Ovid’s Heroines
Ovid wrote Heroides over 2000 years ago, and in the succeeding millennia attitudes towards this remarkable text have veered from reverence to disdain. Once his most celebrated work, recent critics have held it in less high regard. This series of letters from the women of Greek and Roman myth to their absent lovers has been dismissed as “the wearisome complaint of the reft maiden” (Brooks Otis), whilst Alexander Pope criticised Ovid for Romanizing his Greeks, and purists have picked out inaccuracies aplenty (Oenone, the nymph, referencing make up is one example).
Like Clare Pollard, I did not study the Classics during my state school education and thus I am unable to comment on Ovid’s adherence to The Rules, nor can I spot a Romanized Greek when I see one. I enjoy poetry because I enjoy people. I value hearing the ideas, experiences and emotions of others artfully evoked in words, and I found Heroines enthralling. Pollard’s translation is a self-declared “poet’s version, written for pleasure.” She reveals in her Introduction that, for her, the merit of the work lies partly in the astounding empathy of this man, born in 43 BC, and his placement of love above all else.
The collection is vital, relevant, and – crucially – accessible.
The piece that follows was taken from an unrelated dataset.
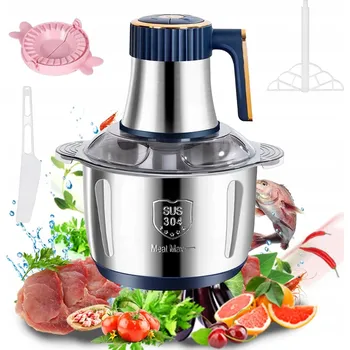 Kuchyňský robot ELEKTRICKÝ MIXÉR NA MASO A ZELENINY MULTIFUNKČNÍ OCELOVÝ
The heroines sparkle, and Pollard’s occasional use of some thoroughly modern language allows for sharp humour. Consider Oenone, in her letter to Paris, as she expresses contempt for her rival: “Beneath her elegance, Helen’s just/
a slag with a thing for strangers.”
Such disgust, thinly veiling bitter jealousy (towards the woman whose legendary beauty sparked the Trojan War, no less), could come just as easily from today’s inebriated friend as from a great, ancient work.
Of course, these poems are ultimately tragic – the anguished words of women left behind, often in situations of great sorrow or danger. Canace describes her father’s discovery, and cruel murder, of the son she had borne secretly to her brother. In a letter to her late husband, Dido agonises in her guilt at having fallen in love again. Ariadne wakes on a remote island to find that her lover, Theseus, and his crew have set sail. Writing a letter contemplating her inevitable, lonely death, she asks: “Shall no one finger shut my eyes?”
Pollard’s choice of free verse rather than adherence to Ovid’s strict elegiac couplets allows her to convey an array of emotions fluidly. These are three dimensional characters, and the contemporary style particularly suits the internal conflict of the heartbroken heroine. ‘Medea to Jason’ perfectly captures the angst and self-doubt of the tirelessly churning mind of the jilted:
Words like these – and more – and your hand clutching my hand
moved my naïve heart.
I even saw tears – or were they part of your lie?
Penelope’s letter to Ulysses scorns his continuing absence despite the Trojan War having already ended. Her derision for his machismo heroism betrays Ovid’s sense of the importance of love over all, and her sarcastic tone brings her fantastical character briskly to life for the modern reader:
I sent our son to find you – he got the story:
how you, full of your daring – not caring about us –
stole into the Trojan camp at night
and just two of you slaughtered hundreds.
Sounds typically cautious and thoughtful.
A text like this creates for us a real connection with those who lived thousands of years before, and in such a different world. The pain of an unanswered text message is surely equalled by that of a letter seemingly delivered into the ether. Pollard’s appreciation of this, and her skill in conveying the relevance of Ovid’s text, makes Heroines a joy with the potential to enchant even the most daunted newcomer to the Classics.